### Prompt
Copy out exactly the lines from the start of the data to the line containing "Tote pengalengan - Moderne". Include both.

### Records for this exercise
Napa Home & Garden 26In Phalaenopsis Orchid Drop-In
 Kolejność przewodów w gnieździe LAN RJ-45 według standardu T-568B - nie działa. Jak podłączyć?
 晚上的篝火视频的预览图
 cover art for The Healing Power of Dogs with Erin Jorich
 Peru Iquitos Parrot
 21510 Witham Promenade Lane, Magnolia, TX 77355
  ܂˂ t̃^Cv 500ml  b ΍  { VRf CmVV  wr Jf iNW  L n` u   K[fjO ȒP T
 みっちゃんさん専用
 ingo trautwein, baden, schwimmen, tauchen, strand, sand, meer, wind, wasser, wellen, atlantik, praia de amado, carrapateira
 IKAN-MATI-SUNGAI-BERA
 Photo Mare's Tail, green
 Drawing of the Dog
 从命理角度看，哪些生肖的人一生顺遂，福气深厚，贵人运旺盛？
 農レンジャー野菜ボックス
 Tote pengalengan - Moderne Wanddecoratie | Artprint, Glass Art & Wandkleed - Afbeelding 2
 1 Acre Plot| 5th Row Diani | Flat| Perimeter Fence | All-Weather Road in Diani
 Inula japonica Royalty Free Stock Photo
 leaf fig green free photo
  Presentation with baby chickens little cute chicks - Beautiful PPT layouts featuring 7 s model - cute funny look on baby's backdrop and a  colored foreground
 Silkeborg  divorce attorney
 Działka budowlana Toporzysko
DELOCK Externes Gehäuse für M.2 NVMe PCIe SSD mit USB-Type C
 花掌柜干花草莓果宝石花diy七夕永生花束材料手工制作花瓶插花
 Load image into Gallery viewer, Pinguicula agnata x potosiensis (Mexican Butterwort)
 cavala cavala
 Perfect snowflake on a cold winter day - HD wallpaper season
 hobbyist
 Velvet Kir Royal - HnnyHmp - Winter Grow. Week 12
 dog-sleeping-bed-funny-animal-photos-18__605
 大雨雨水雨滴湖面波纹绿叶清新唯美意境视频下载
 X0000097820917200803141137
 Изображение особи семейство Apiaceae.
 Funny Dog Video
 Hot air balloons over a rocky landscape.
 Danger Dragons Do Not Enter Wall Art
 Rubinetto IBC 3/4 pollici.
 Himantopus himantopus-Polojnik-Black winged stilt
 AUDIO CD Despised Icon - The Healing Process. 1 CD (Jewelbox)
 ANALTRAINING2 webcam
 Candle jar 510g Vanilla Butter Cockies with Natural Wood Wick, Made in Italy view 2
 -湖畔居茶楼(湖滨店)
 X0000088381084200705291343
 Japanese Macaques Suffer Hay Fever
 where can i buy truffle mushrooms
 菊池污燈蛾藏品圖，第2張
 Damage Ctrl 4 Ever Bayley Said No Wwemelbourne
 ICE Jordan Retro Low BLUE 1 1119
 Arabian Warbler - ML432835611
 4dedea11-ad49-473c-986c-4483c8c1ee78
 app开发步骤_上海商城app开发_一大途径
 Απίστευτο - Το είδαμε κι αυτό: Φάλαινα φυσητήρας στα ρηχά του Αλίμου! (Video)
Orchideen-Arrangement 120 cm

### Solution to this task
Napa Home & Garden 26In Phalaenopsis Orchid Drop-In
 Kolejność przewodów w gnieździe LAN RJ-45 według standardu T-568B - nie działa. Jak podłączyć?
 晚上的篝火视频的预览图
 cover art for The Healing Power of Dogs with Erin Jorich
 Peru Iquitos Parrot
 21510 Witham Promenade Lane, Magnolia, TX 77355
  ܂˂ t̃^Cv 500ml  b ΍  { VRf CmVV  wr Jf iNW  L n` u   K[fjO ȒP T
 みっちゃんさん専用
 ingo trautwein, baden, schwimmen, tauchen, strand, sand, meer, wind, wasser, wellen, atlantik, praia de amado, carrapateira
 IKAN-MATI-SUNGAI-BERA
 Photo Mare's Tail, green
 Drawing of the Dog
 从命理角度看，哪些生肖的人一生顺遂，福气深厚，贵人运旺盛？
 農レンジャー野菜ボックス
 Tote pengalengan - Moderne Wanddecoratie | Artprint, Glass Art & Wandkleed - Afbeelding 2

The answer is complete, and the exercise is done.